[Recorded information]:
——————
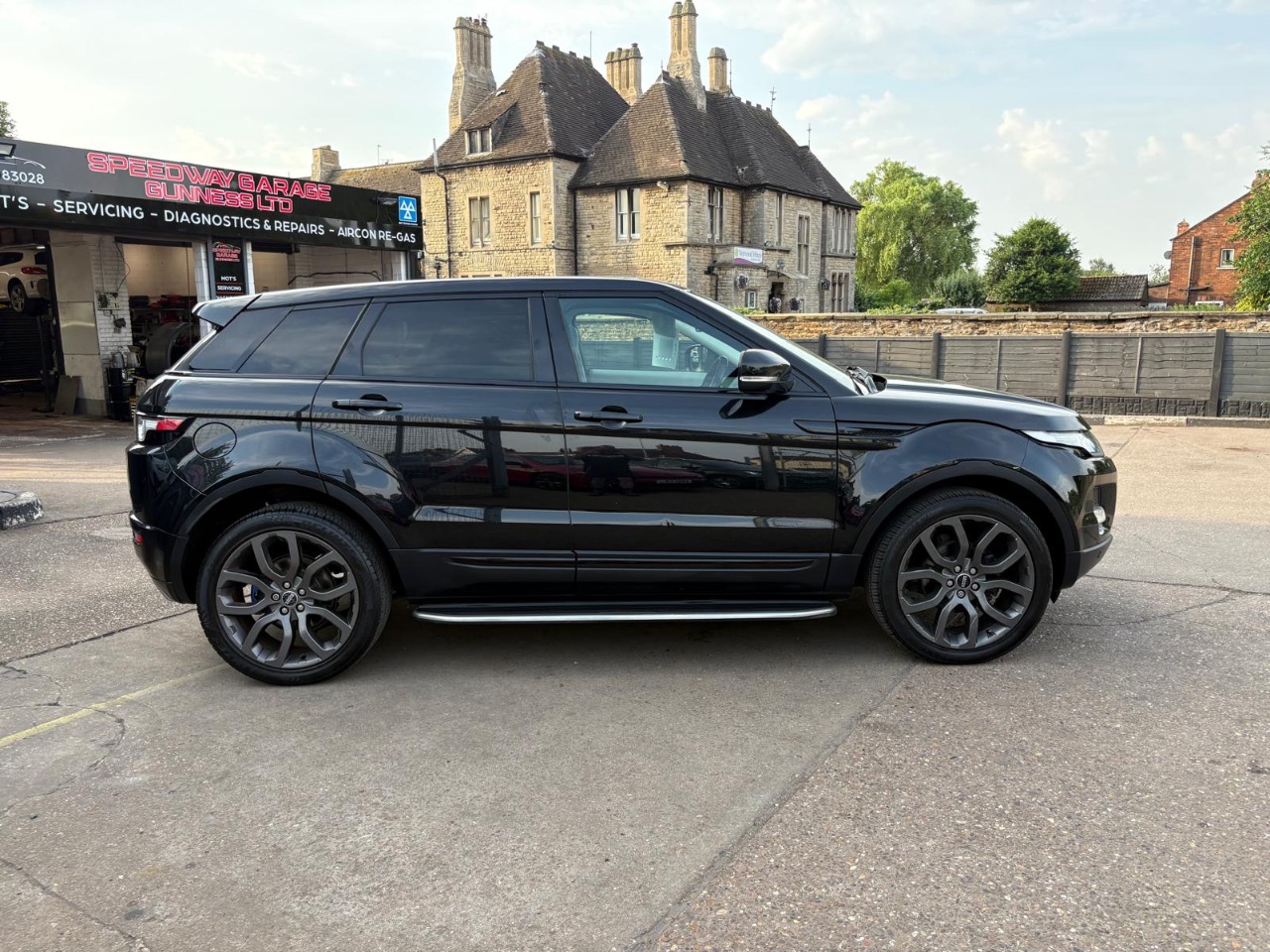 Land Rover Range Rover Evoque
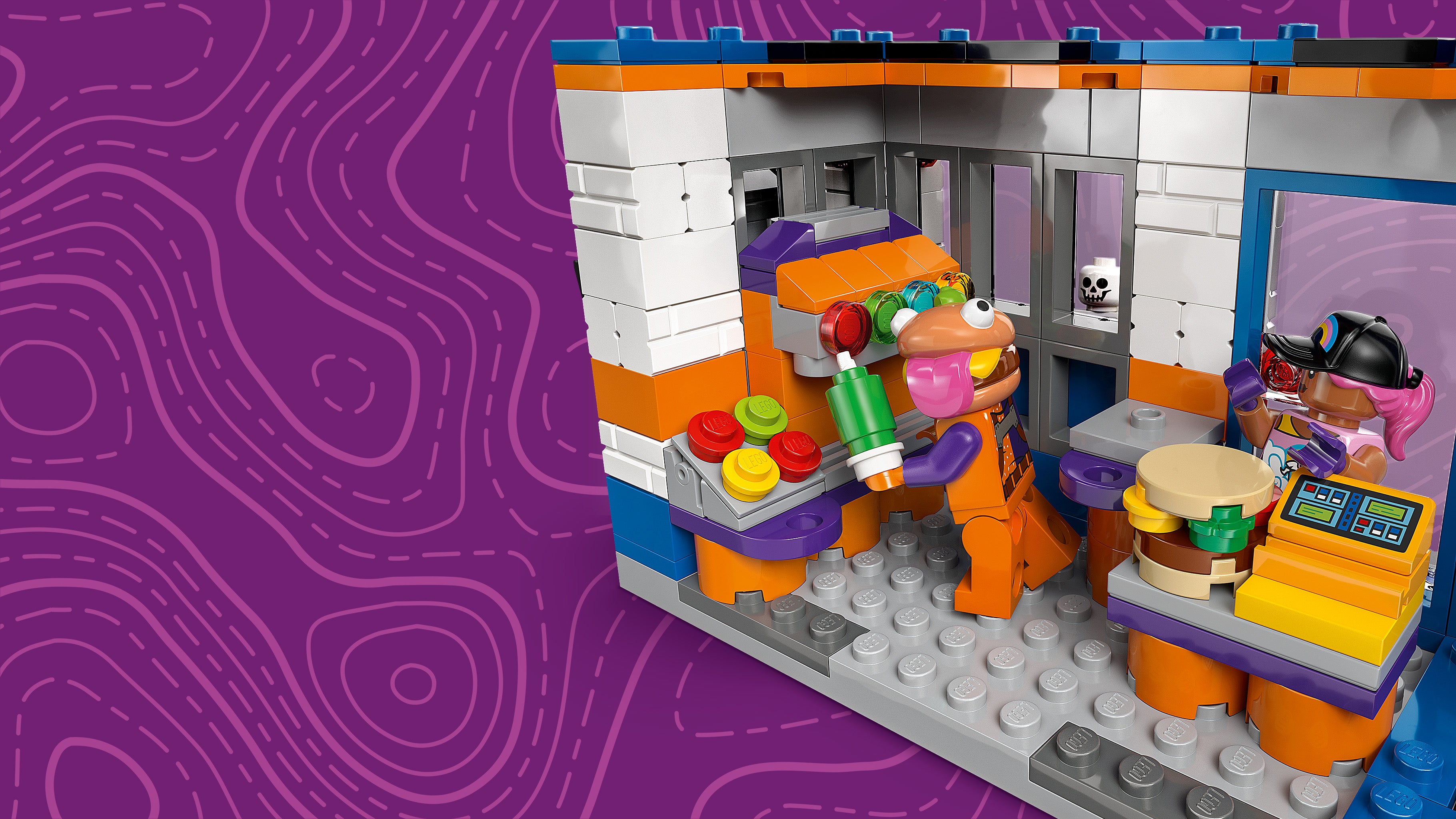 Lego 77076 Durrr Burger Restaurant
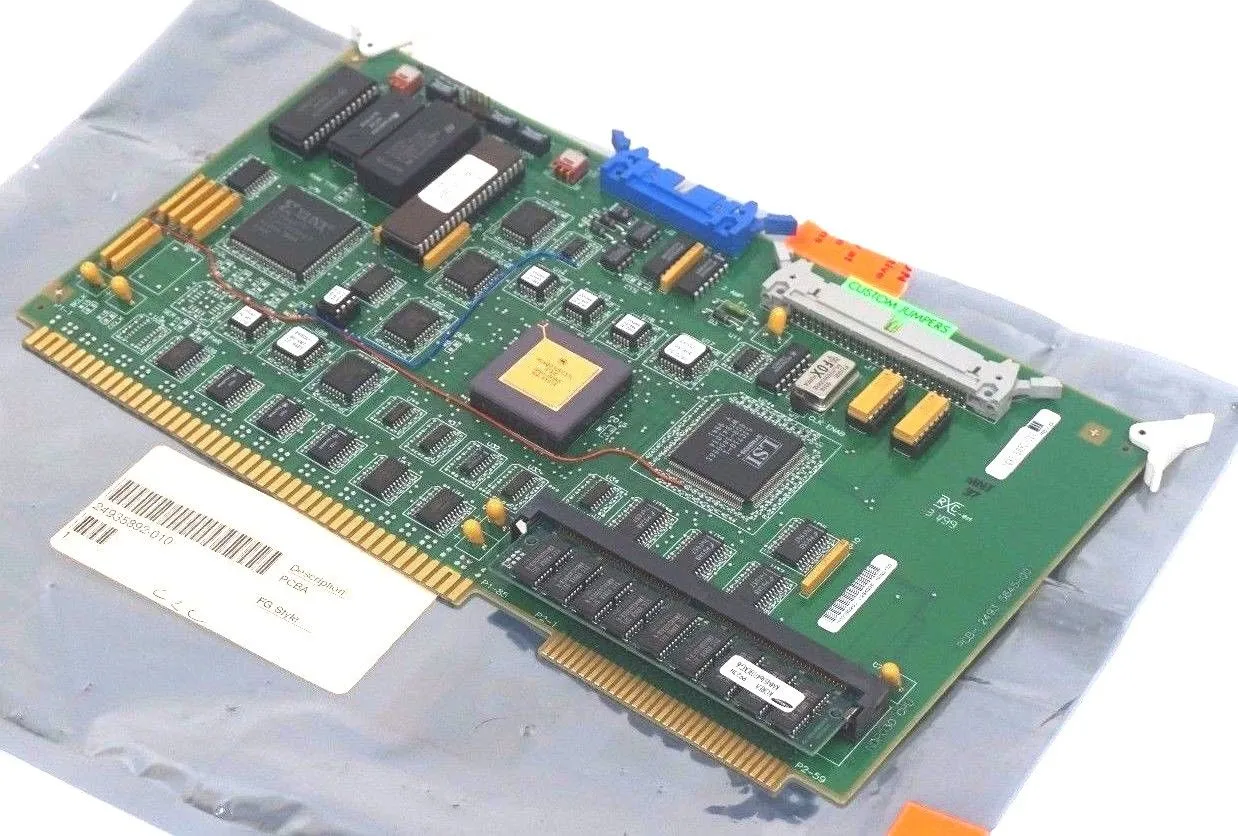 NEW UNISYS 24935892-010 PCBA CONTROL BOARD NDP030 CPU 2493 5645-001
——————
[Your goal]:
Copy out the listing above in full and leave out its pictures.

[Exercise response]:
 Land Rover Range Rover Evoque
 Lego 77076 Durrr Burger Restaurant
 NEW UNISYS 24935892-010 PCBA CONTROL BOARD NDP030 CPU 2493 5645-001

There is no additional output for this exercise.